Task instructions -> Return exactly those lines of the material below that fall between the line holding "Cho thuê nguyên" and the line holding "TIKI - 300 lumens - Nitecore Singapore", inclusive.

══════

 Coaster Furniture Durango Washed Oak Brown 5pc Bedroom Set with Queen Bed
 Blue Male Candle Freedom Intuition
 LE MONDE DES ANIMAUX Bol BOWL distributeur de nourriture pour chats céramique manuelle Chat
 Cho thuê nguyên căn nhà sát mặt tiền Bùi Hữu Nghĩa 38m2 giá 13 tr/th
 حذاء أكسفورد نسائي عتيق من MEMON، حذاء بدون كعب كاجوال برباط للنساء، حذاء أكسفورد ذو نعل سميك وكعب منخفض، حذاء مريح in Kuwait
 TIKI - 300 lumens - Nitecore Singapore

══════

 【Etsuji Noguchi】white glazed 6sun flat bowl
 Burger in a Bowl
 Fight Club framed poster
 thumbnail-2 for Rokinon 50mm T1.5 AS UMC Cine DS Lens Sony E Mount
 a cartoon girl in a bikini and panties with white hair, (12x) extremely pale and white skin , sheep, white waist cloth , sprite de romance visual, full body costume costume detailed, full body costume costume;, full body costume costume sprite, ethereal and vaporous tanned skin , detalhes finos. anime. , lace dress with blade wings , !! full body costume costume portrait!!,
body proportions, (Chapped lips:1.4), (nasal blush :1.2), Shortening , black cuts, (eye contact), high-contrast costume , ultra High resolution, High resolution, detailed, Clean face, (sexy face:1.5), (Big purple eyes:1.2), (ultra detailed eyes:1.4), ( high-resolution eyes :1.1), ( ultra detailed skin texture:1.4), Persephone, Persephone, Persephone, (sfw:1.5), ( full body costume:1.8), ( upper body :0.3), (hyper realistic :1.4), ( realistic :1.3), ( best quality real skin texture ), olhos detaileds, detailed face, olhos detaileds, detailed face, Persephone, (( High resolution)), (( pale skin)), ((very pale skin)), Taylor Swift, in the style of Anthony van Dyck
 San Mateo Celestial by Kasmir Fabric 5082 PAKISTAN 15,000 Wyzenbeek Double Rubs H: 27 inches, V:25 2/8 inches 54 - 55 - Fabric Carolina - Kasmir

══════

Exercise output ->
 Cho thuê nguyên căn nhà sát mặt tiền Bùi Hữu Nghĩa 38m2 giá 13 tr/th
 حذاء أكسفورد نسائي عتيق من MEMON، حذاء بدون كعب كاجوال برباط للنساء، حذاء أكسفورد ذو نعل سميك وكعب منخفض، حذاء مريح in Kuwait
 TIKI - 300 lumens - Nitecore Singapore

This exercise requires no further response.